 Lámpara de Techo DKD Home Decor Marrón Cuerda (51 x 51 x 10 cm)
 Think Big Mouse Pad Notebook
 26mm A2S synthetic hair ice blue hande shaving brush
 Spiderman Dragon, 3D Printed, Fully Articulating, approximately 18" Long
= = = = = = =
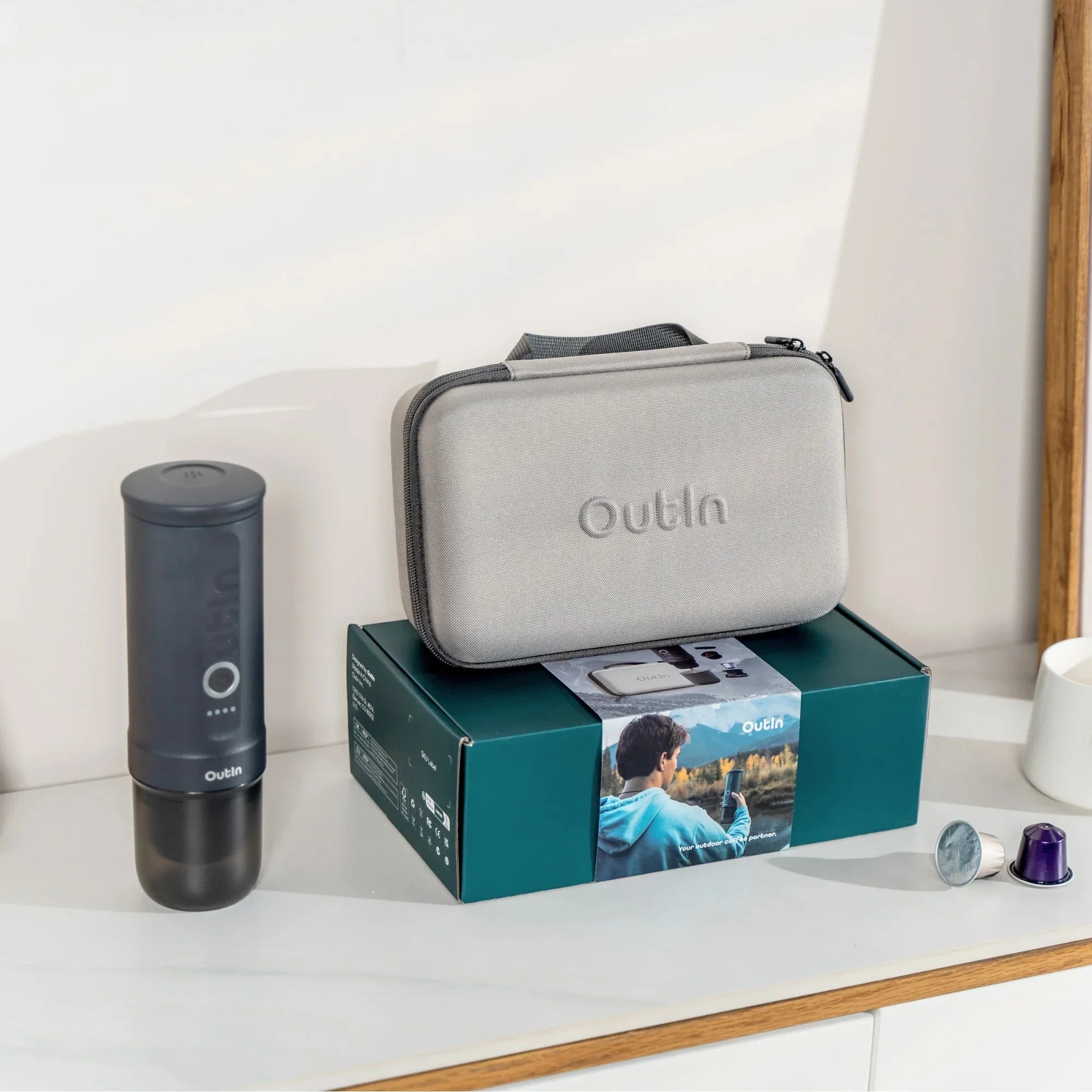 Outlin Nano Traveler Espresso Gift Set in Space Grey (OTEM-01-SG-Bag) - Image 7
= = = = = = =
REQUIRED WORK: Transcribe, exactly and without additions, the lines of the records above, beginning with the line that contains "26mm A2S synthetic" and ending with the line that contains "Spiderman Dragon, 3D", both included.

RESULT FOR THIS EXERCISE:
 26mm A2S synthetic hair ice blue hande shaving brush
 Spiderman Dragon, 3D Printed, Fully Articulating, approximately 18" Long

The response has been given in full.